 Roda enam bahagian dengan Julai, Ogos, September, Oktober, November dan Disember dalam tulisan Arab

::::::::

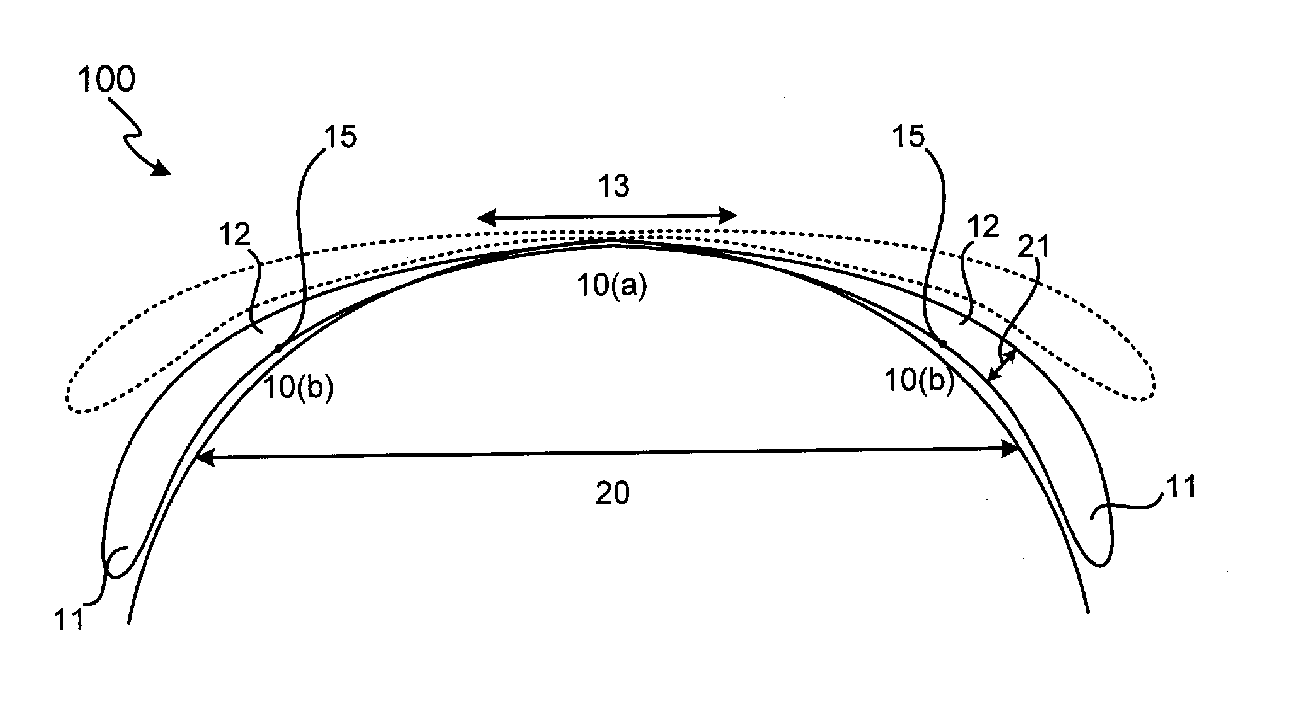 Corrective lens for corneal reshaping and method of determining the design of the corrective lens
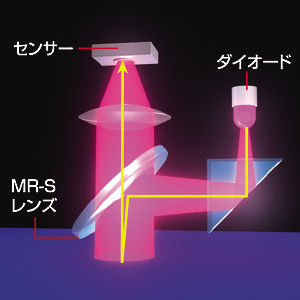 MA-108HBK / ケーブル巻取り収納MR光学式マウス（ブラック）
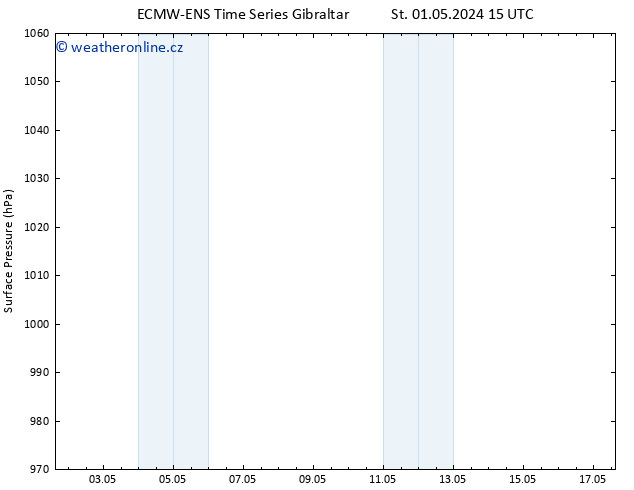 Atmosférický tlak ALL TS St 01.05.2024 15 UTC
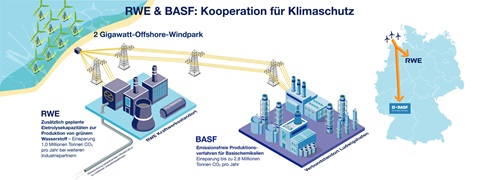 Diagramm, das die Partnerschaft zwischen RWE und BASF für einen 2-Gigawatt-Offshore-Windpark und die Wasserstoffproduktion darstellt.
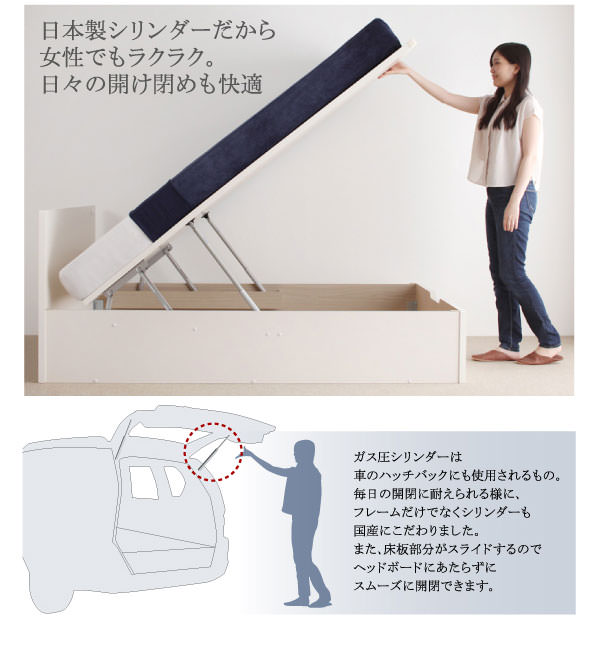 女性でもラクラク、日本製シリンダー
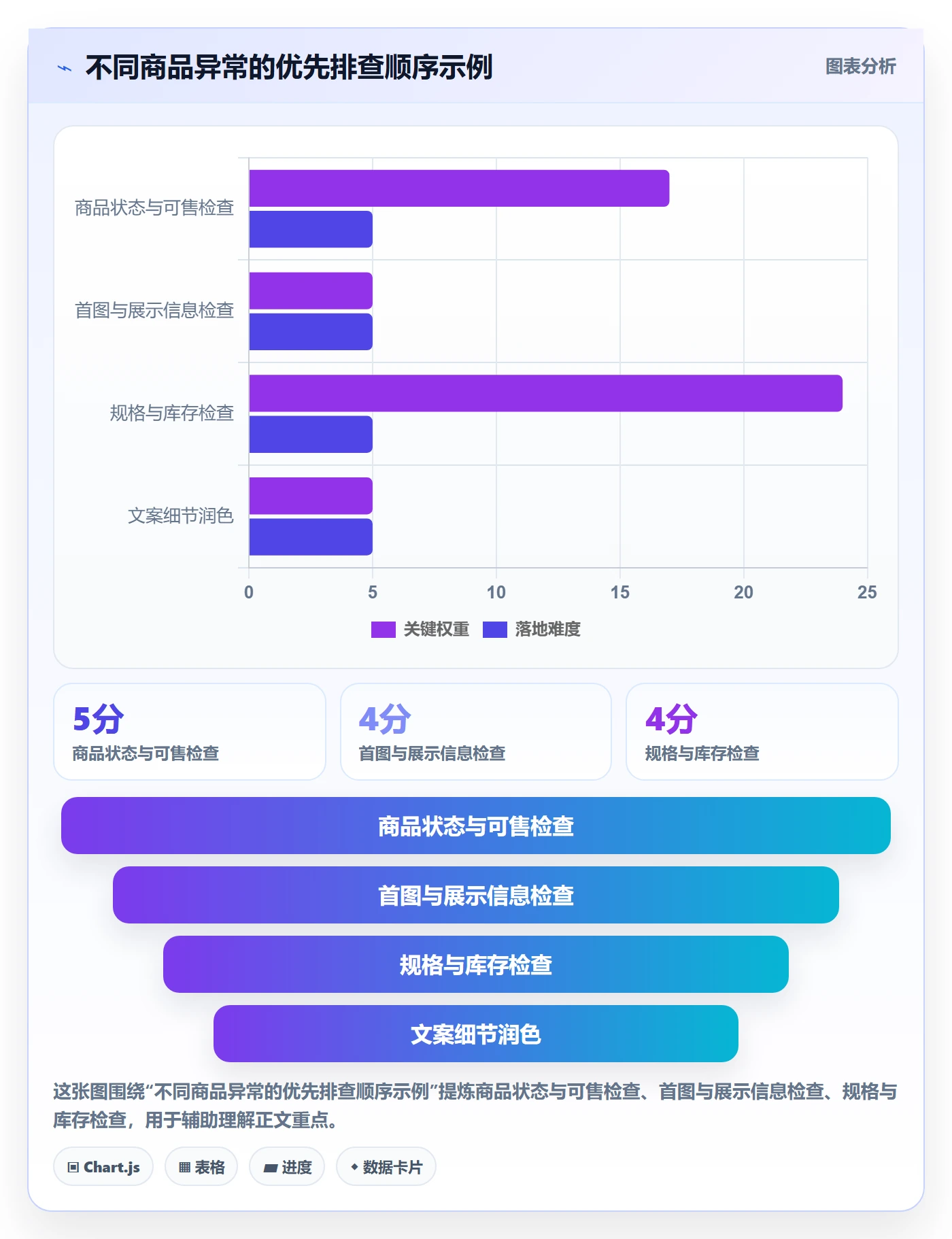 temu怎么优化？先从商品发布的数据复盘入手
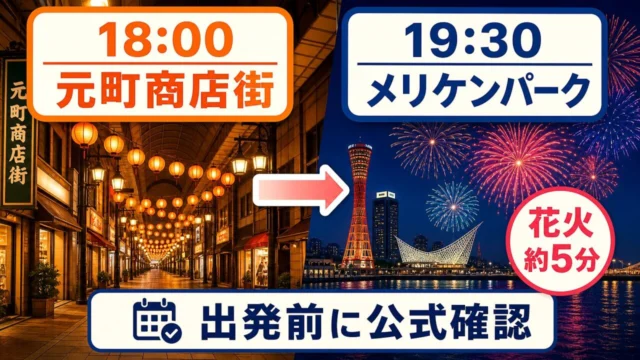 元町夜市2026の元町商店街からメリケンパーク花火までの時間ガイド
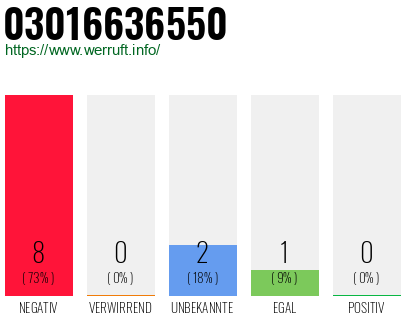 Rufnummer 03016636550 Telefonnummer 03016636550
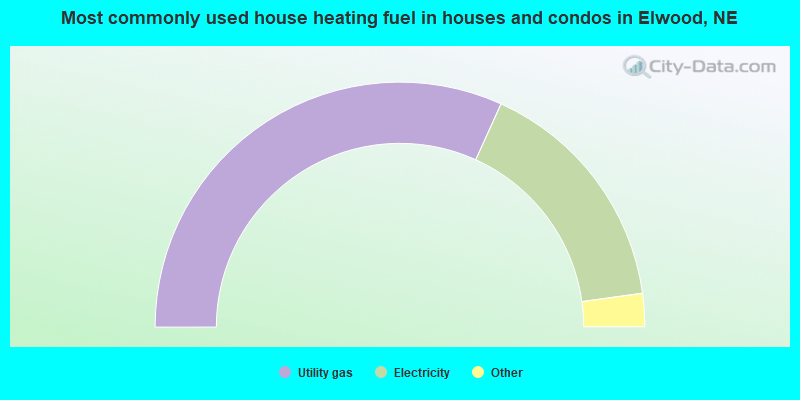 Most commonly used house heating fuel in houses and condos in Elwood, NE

::::::::

§ WORK REQUIRED: Starting at the line containing "Diagramm, das die" and stopping at the line containing "Most commonly used", output each line exactly as it appears above. Leave out the pictures.

§ SOLUTION FOR THIS EXERCISE:
 Diagramm, das die Partnerschaft zwischen RWE und BASF für einen 2-Gigawatt-Offshore-Windpark und die Wasserstoffproduktion darstellt.
 女性でもラクラク、日本製シリンダー
 temu怎么优化？先从商品发布的数据复盘入手
 元町夜市2026の元町商店街からメリケンパーク花火までの時間ガイド
 Rufnummer 03016636550 Telefonnummer 03016636550
 Most commonly used house heating fuel in houses and condos in Elwood, NE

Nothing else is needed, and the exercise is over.